EXERCISE DETAILS | Once the images are removed, set down everything else in the listing below exactly.

DATASET EXTRACT |
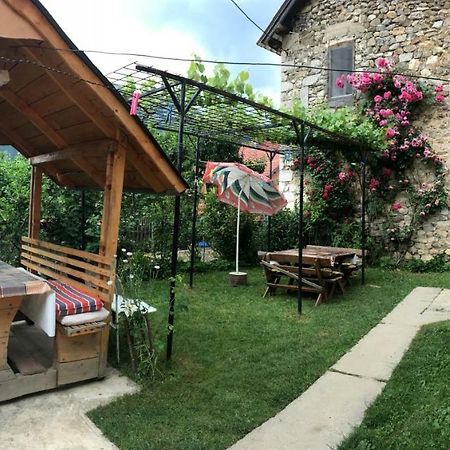 Guest House Ulaj Vuthaj Dış mekan fotoğraf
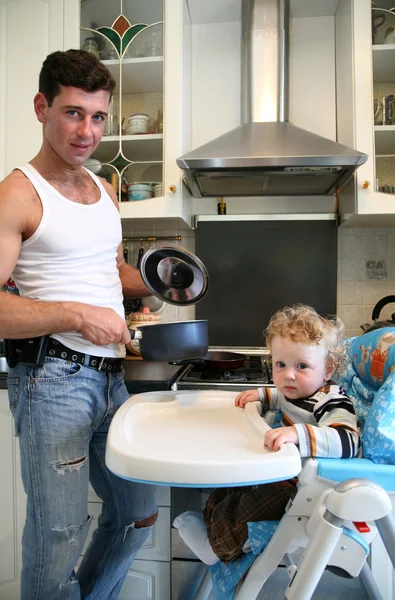 Ο πατέρας με το γιο της στην κουζίνα — Φωτογραφία Αρχείου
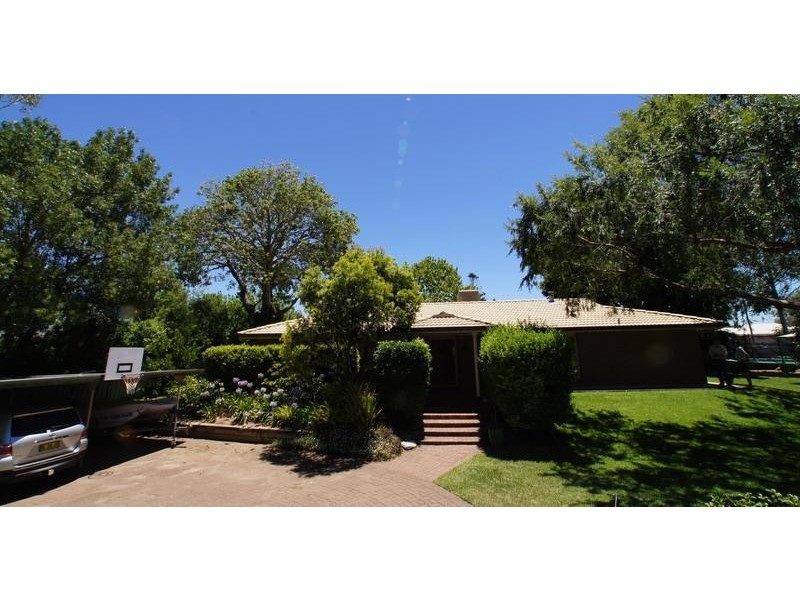 17 Boonery, Moree NSW 2400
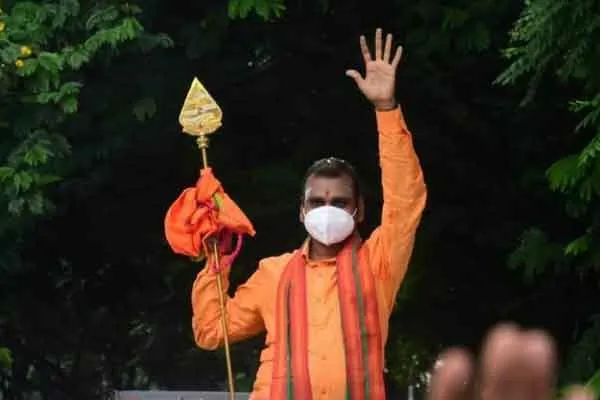Supporters of L. Murugan  reports going to the BJP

EXERCISE SOLUTION |
 Guest House Ulaj Vuthaj Dış mekan fotoğraf
 Ο πατέρας με το γιο της στην κουζίνα — Φωτογραφία Αρχείου
 17 Boonery, Moree NSW 2400
Supporters of L. Murugan  reports going to the BJP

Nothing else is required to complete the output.